The lease-on model lets you do exactly that. Through FF Dispatch's partnership with WonderEX, you operate under their authority with a 75/25 revenue split β you keep 75% of every dollar the truck grosses. Out of WonderEX's 25%, they cover insurance, compliance, and back-office. FF Dispatch handles the dispatching, load finding, and rate negotiation β all included in that 25%. No additional dispatch commission. No setup fees.
This isn't a lease-purchase trap where you owe $200,000 on a truck you'll never own. This is a month-to-month arrangement with 30-day cancellation and no forced dispatch. You own your truck (or lease it on your own terms), you choose your loads, and you keep 75% of gross revenue. If a dry van carrier grosses $7,000/week, that's $5,250 in your pocket β before fuel and your truck payment, after everything else is handled for you.
Common Pain Points
Challenges lease-on candidate carriers face every week
Insurance costs eating your profit β $12,000-18,000/year ($230-345/week) just for liability and cargo coverage under your own authority
Compliance headaches: IFTA filings, drug testing consortium, UCR registration, New Entrant Audit, CSA monitoring β each one a potential fine if you miss a deadline
Spending hours every week on paperwork, invoicing, and broker communication instead of driving
Uncertainty about what you actually net after all deductions β insurance, dispatch, compliance, factoring fees, and admin costs blur the real number
Risk of losing your authority over a compliance mistake β late IFTA filing, lapsed insurance, or failed audit can shut you down
Want to focus purely on driving and earning without the stress of running a business
What FF Dispatch Does for You
FF Dispatch's Lease-On Program through WonderEX is for drivers who want to earn like an owner-operator without running a business. You keep 75% of gross revenue. The 25% covers everything: insurance, compliance, dispatch, back-office, and broker communication. No dispatch commission on top. No contracts. No forced dispatch. Month-to-month with 30-day cancellation.
The Math
Under your own authority: $7,000/week gross minus insurance ($300), dispatch at 6% ($420), compliance ($25), factoring ($70) = $6,185 net before fuel and truck payment. Lease-on: $7,000 x 75% = $5,250 net before fuel and truck payment. The difference is $935/week β but the lease-on includes zero admin hours, zero compliance risk, and zero surprise bills. If you value those 10-15 hours/week of admin at $50/hour ($500-750), the real gap narrows to $185-435/week. Many drivers find the simplicity worth it.

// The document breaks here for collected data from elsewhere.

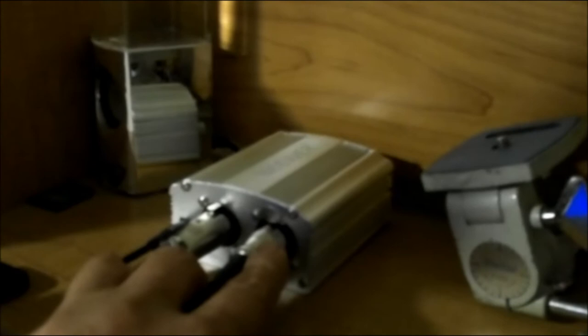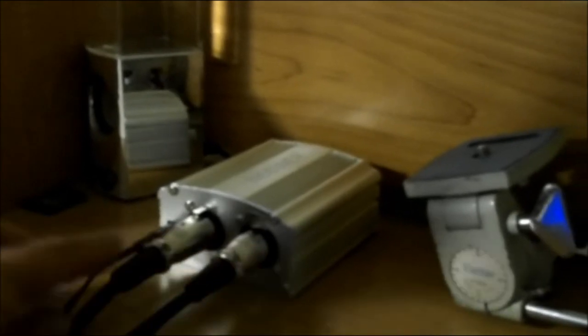Now this cable right here I'm showing you will go in right here to this port. Of course it'll go into the end. Now that will come out and go into the computer.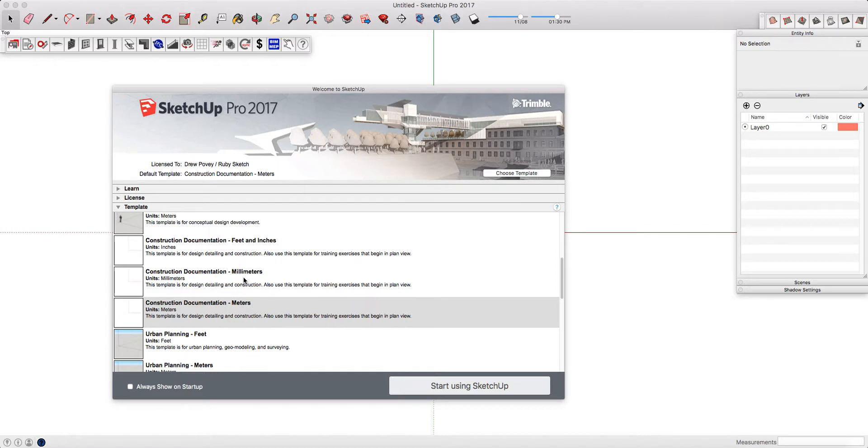Obviously, if you choose one and then start drawing in a different unit of measurement, you're going to encounter problems.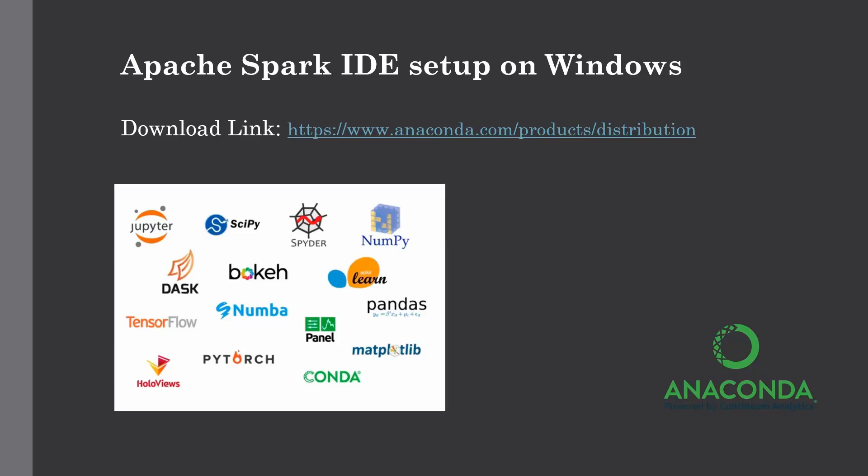For this full course we're going to use Anaconda distribution which comes with various tools like Spyder IDE as well as Jupyter notebook which will get you started with PySpark learning. So without further ado, let's get into it. Anaconda distribution is a good product for any developer in the field of data science because it comes with various tools like Jupyter notebook and Spyder. It also comes with pandas, NumPy and several other libraries which we're going to use in subsequent lectures.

Your Lease-On Candidate Checklist
8 steps to set yourself up for success
Understand the 75/25 split
You keep 75% of every dollar the truck grosses. The 25% covers WonderEX's authority, insurance, compliance, and FF Dispatch's load finding and negotiation. No additional dispatch commission. If your truck grosses $7,000/week, you keep $5,250.
Compare your current total business costs
Add up everything you pay under your own authority: insurance, dispatch, compliance, factoring, IFTA prep, drug testing, UCR, BOC-3, and your admin time valued at $50/hour. If it exceeds 25% of gross, the lease-on may actually save you money.
Confirm your truck ownership/financing situation
The lease-on is for your operating authority β not your truck. You need to own your truck outright or have your own financing/lease. Truck payments remain your responsibility and come out of your 75% share.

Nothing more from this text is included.